The White House Correspondents Dinner has seen shifts from presidential boycotts to security scares, highlighting a disconnect with the harsh realities faced by journalists worldwide

When I attended the White House Correspondents’ Association (WHCA) dinner in 2018, President Donald Trump gave it a miss. Nothing personal between us. Just that the presidential skin, though younger, was even thinner than it is now. In fact, Trump did not attend any WHCA dinner during his first term, unwilling to exchange champagne toasts with networks that he regularly slammed and sued.

In the event, the 2018 dinner was a disappointment. The comedian Michelle Wolf laboured through a series of weak and incestuous Beltway barbs that invoked a few reluctant smiles. Sarah Huckabee Sanders, Trump’s long-forgotten spokeswoman and the main White House attendee, could barely twitch her lips when Wolf aimed an off-colour swipe at her. But that’s American humour for you; no wonder that King Charles recently had them reeling in the aisles with what were, honestly speaking, passable public school level quips.

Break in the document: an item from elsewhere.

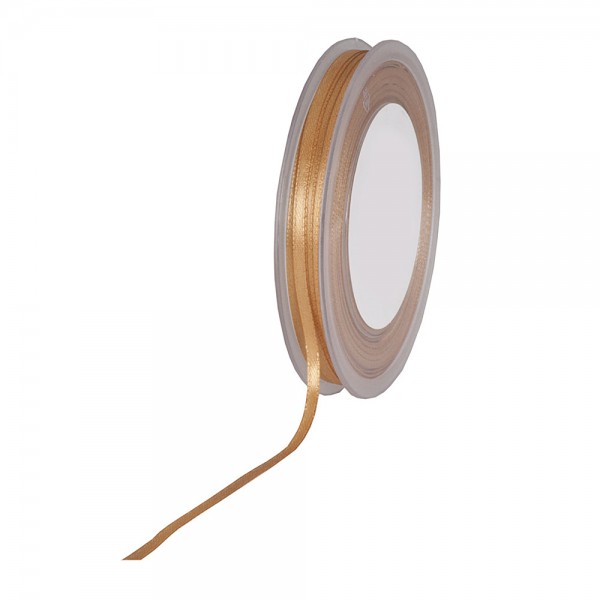 Satinband SIMPEL, gold: 3 mm breit / 50 Meter, mit einfacher schlichter Webkante.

2026, too, would have been similarly forgettable, notwithstanding that Trump was attending for the first time. But it will be remembered for the wrong reasons: a gunman rushing a magnetometer one floor above and a hundred Fed agents away from the president; FBI chief Kash Patel doing his usual deer-caught-in-the-headlights act, only this time under a table; the Veep getting whisked away before POTUS, and guests carrying away unopened bottles of wine as they were being evacuated, some after comparing labels. Or it may be remembered as the disastrous dinner that paved the way for Trump’s gold-plated ballroom.

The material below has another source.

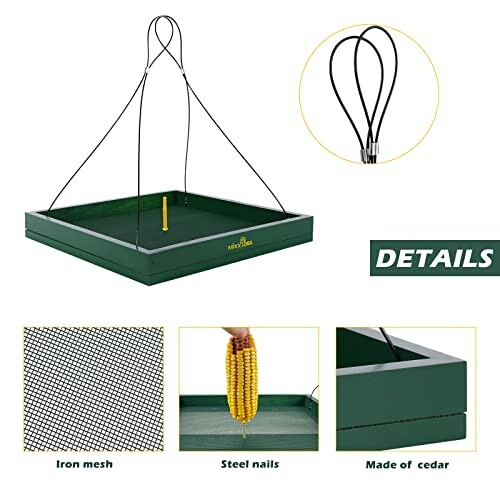 Green squirrel feeder with iron mesh, steel nails, and cedar construction.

All this proves that Mr Zeitgeist is sick. Violently nauseous, vomit-inducing sick. That is why 2,600 journalists in formal evening dress could walk nonchalantly past anti-war protestors standing in the rain and pretend to celebrate the First Amendment and Freedom of the Press with the man whose support has been crucial in the killing of hundreds of their professional brethren in Gaza, the West Bank and Lebanon.

The indifference may arise from the fact that these victims are not actually of their own tribe. Not a Jamal Khashoggi of The Washington Post, whose murder caused a US-Saudi rift. Not the CNN team manhandled by an IDF unit when covering settler violence in the West Bank: the IDF unit was promptly suspended and then relocated. The victims are only ordinary, brave—and largely non-white—men and women in press jackets, documenting unpalatable truths.

The Committee to Protect Journalists (CPJ), a non-profit, independent organisation headquartered in New York, concludes that Gaza and subsequent conflict has been the worst for journalists since CPJ began collecting data in 1992.

262 journalists—large majority of them Palestinians in Gaza—have been killed, another 174 injured and over a hundred imprisoned. At least 64 were deliberately targeted because of their work, including through Israeli drone attacks, most recently Al Jazeera’s correspondent Mohammed Washah in April 2026. In comparison, the accepted figures for journalist fatalities during World War II and Vietnam were 69 and 63, respectively. There has been little evidence to prove the claims that these journalists were performing military roles. Their power lies in their on-the-spot reporting that challenges official discourse. Their targeting is of a piece with the broader effort that controls access, unleashes influencers and strangles or purchases free media. In international humanitarian law, such targeting of bona fide journalists constitutes a war crime and yet it continues with impunity.

The WHCA could have covered itself in glory had they the courage to cancel the dinner in protest against the media killings. But the Washington Beltway is insulated from war crimes and addicted to anaemic jokes. So they dine on.

And no significant protest from the Indian media either, not even on World Press Freedom Day. Is that a strategic silence?

The author was India’s high commissioner to the UK and ambassador to the United States.